Provided data: Begin

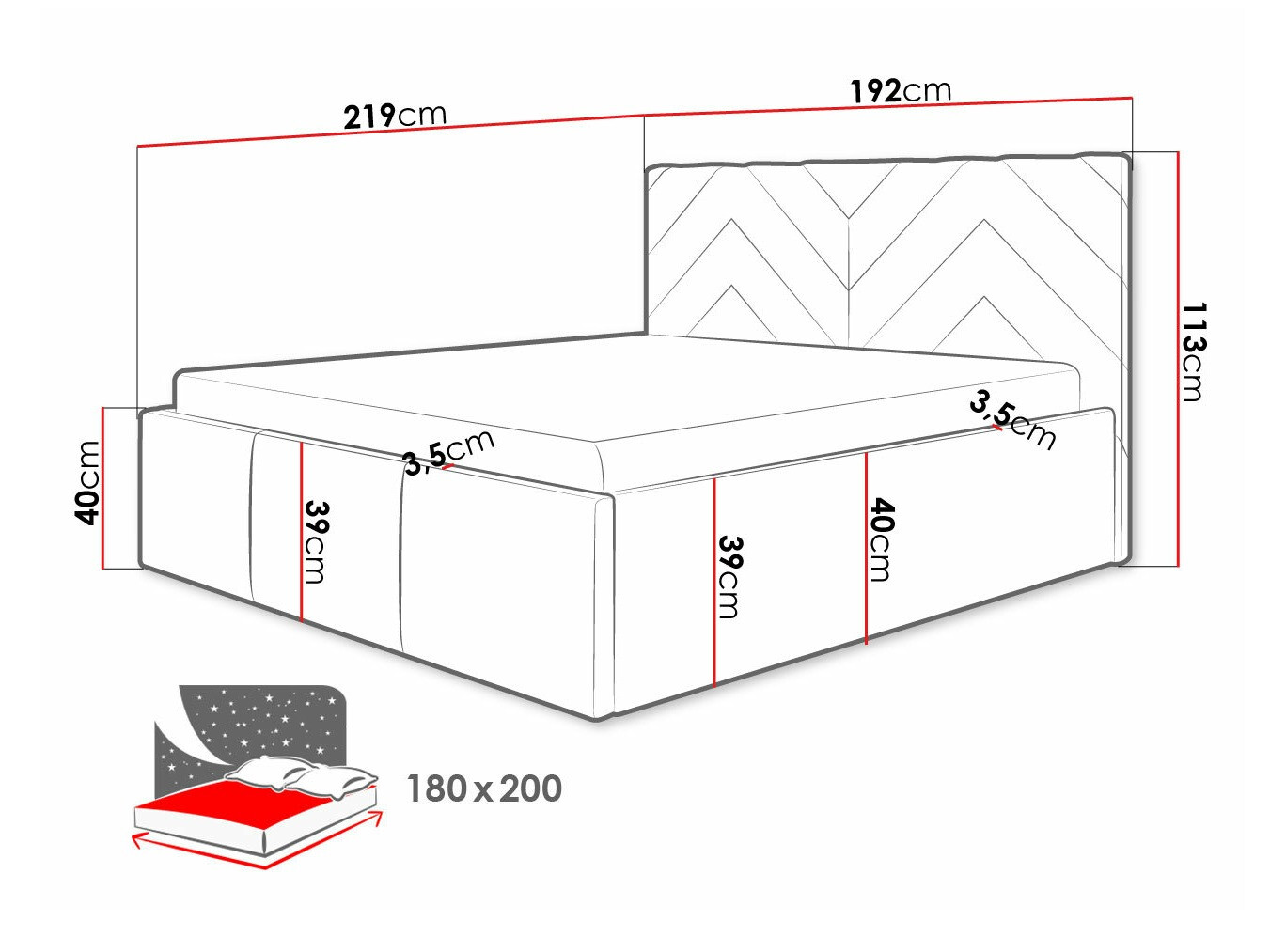 Ágy ComfiDream 175 (Fresh 11)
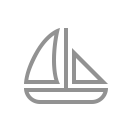 sailing, boat icon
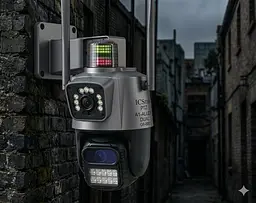 Водонепроникна камера PTZ WiFi P-11 ICSEE, 6MP, з нічним баченням - мініатюра 5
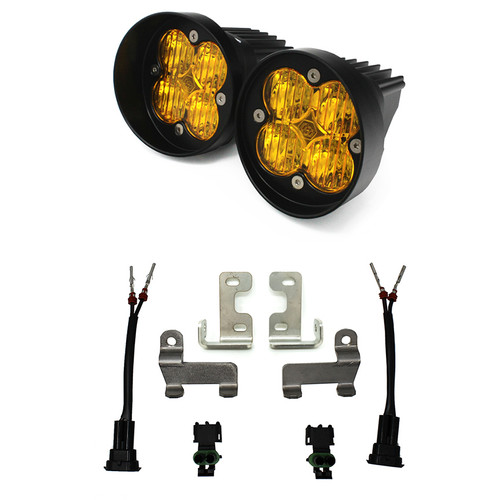 Baja Designs Squadron-R Sport Fog Pocket Light Kit, Wide Cornering (Amber): 16-21 Rav4 - 447677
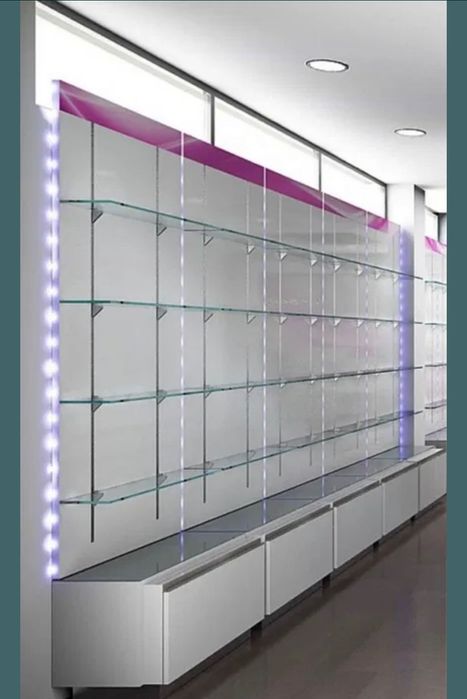 Estantes farmácia MDF lacado branco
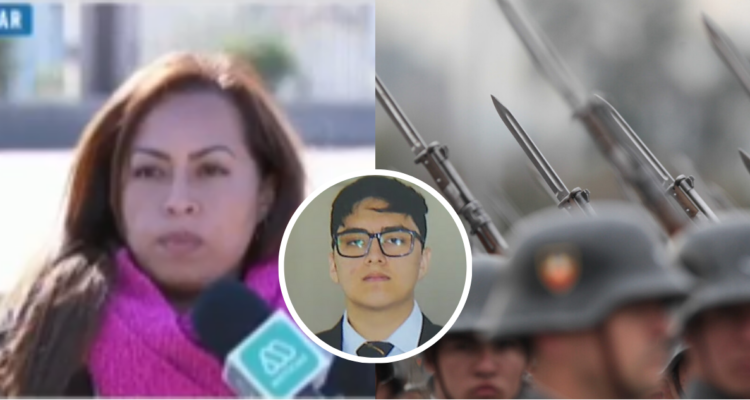 Madre de conscripto internado (izquierda), Ejercito de Chile en Parada Militar (derecha) y Franco Vargas, conscripto muerto en Putre (miniatura)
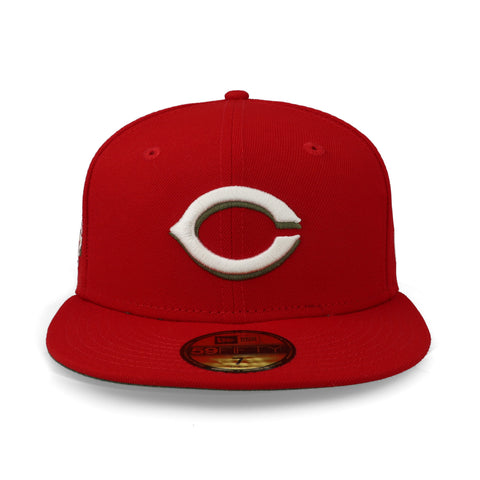 Gorra New Era 59 Fifty MLB Reds Botanical Rojo Cerrado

Provided data: End

Work required:
Please print the data above in its entirety, exactly, but without any picture.

Finished task:
 Ágy ComfiDream 175 (Fresh 11)
 sailing, boat icon
 Водонепроникна камера PTZ WiFi P-11 ICSEE, 6MP, з нічним баченням - мініатюра 5
 Baja Designs Squadron-R Sport Fog Pocket Light Kit, Wide Cornering (Amber): 16-21 Rav4 - 447677
 Estantes farmácia MDF lacado branco
 Madre de conscripto internado (izquierda), Ejercito de Chile en Parada Militar (derecha) y Franco Vargas, conscripto muerto en Putre (miniatura)
 Gorra New Era 59 Fifty MLB Reds Botanical Rojo Cerrado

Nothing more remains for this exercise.